A second violation of the protein maximum likelihood model involved rate variation among sites in the cpn60 dataset. The maximum likelihood estimate of the gamma shape parameter (α) for the cpn60 amino acid dataset was 0.69, suggesting that rate variation among sites in this dataset is extreme (43).

Under the hypothesis that these two model violations coupled with high rates of substitution in the G. lamblia and E. histolytica lineages were responsible for the artifactual clustering of these sequences, we explored the effect of corrections for these problems. To combat the effects of biased amino acid composition, we analyzed the nucleotide sequences coding for the cpn60 proteins. Second, we used distance and likelihood methods with a model (the HKY+Γ model) that accounts for rate variation among sites. Nucleotide distance analysis with trees selected under the minimum evolution criterion by using the HKY+Γ model (with Ti/Tv = 0.85 and α = 0.75) showed that the G. lamblia/E. histolytica relationship was still recovered, but with lower bootstrap support (61%). By contrast, maximum-likelihood analysis by using the same model generated an optimal tree that did not display the G. lamblia/E. histolytica relationship. Bootstrap analysis by using this method on a taxonomically reduced dataset indicated that a G. lamblia/E. histolytica relationship is poorly supported (14% support). These results show that the G. lamblia/E. histolytica relationship observed in the amino acid phylogenies is probably artifactual. By contrast, optimal trees obtained with both nucleotide distance and maximum likelihood methods did recover a G. lamblia/T. vaginalis relationship, although it was poorly supported by bootstrap analysis (50% and 46% bootstrap support from distance and likelihood analyses, respectively). Support for the G. lamblia/mitochondrial-like cpn60 clade was somewhat stronger, gaining 66% bootstrap support from nucleotide distance analysis and 62% from nucleotide maximum likelihood analysis.

In addition to the nucleotide-level analyses, we reduced the effects of model violation and long-branch attraction artifacts by performing amino acid analyses on datasets with the divergent E. histolytica and T. vaginalis sequences removed. We observed strong bootstrap support for a G. lamblia/mitochondrial cpn60 clade in protein maximum likelihood (88%) and protein distance (82%) analyses, with lower support recovered by maximum parsimony methods (35%).

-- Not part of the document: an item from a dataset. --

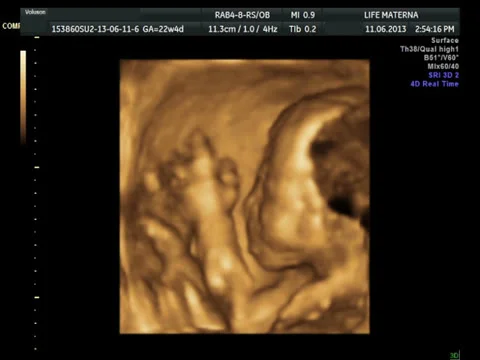4D ultrasound scan of a baby playing in the womb Stock Footage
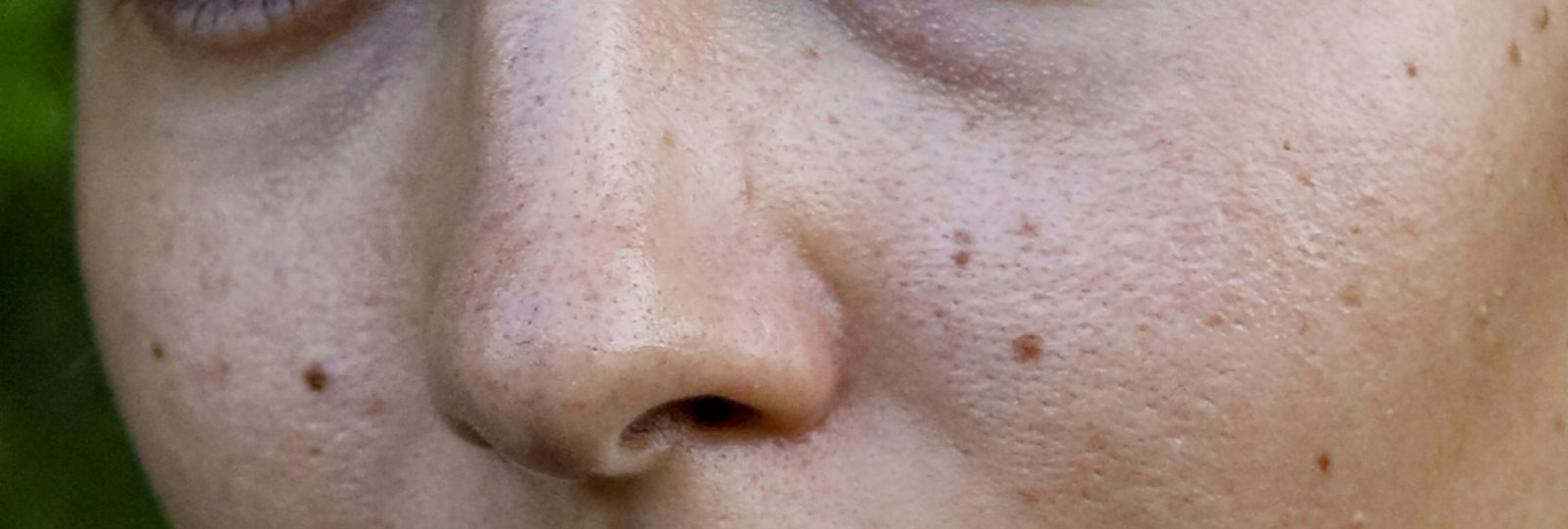 Cheeks with several small dark moles beside the nose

Thus, the specific relationship of G. lamblia cpn60 to mitochondrial cpn60s is not an artifact because of the presence of the divergent E. histolytica and T. vaginalis cpn60 sequences.

The Evolutionary Origins of the G. lamblia cpn60 Gene.

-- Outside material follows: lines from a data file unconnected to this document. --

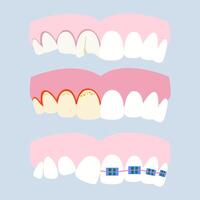 Various dental problems and diseases. Oral problems, caries, tartar, plaque, orthodontic braces, various injuries. illustration vector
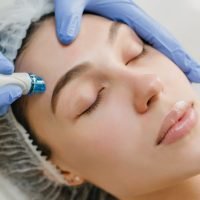 closeup-portrait-beautiful-woman-during-cosmetology-therapy-beauty-salon-professional-dermatology-procedures-lifting-rejuvenation-redevices-healthcare-scaled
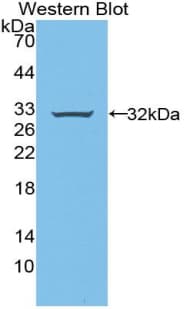 RNF112 / ZNF179 Antibody (aa256-504)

The presence of a cpn60 gene related to the mitochondrial cpn60 lineage in G. lamblia is most parsimoniously explained if it was transferred to the nucleus from mitochondria or their endosymbiotic ancestors. However, several other scenarios consistent with the phylogenetic data warrant consideration. First, it is possible that G. lamblia has acquired a cpn60 gene by lateral transfer from another eukaryotic lineage. This scenario could be distinguished from the previous one by establishing the presence or absence of cpn60 homologs in other diplomonads, such as the distantly related, free-living flagellate Hexamita inflata (2). If lateral transfer to the Giardia lineage occurred recently, then Hexamita inflata and its close relatives will lack this gene.

It is also possible that the ancestors of diplomonads acquired the cpn60 gene from an α-proteobacterial endosymbiont that was related to, but distinct from, the ancestors of mitochondria. This scenario could be tested if a free-living or endosymbiotic α-proteobacterium were found that contained a GroEL homolog that robustly grouped with the G. lamblia cpn60 in GroEL/cpn60 trees to the exclusion of the mitochondrial homologs.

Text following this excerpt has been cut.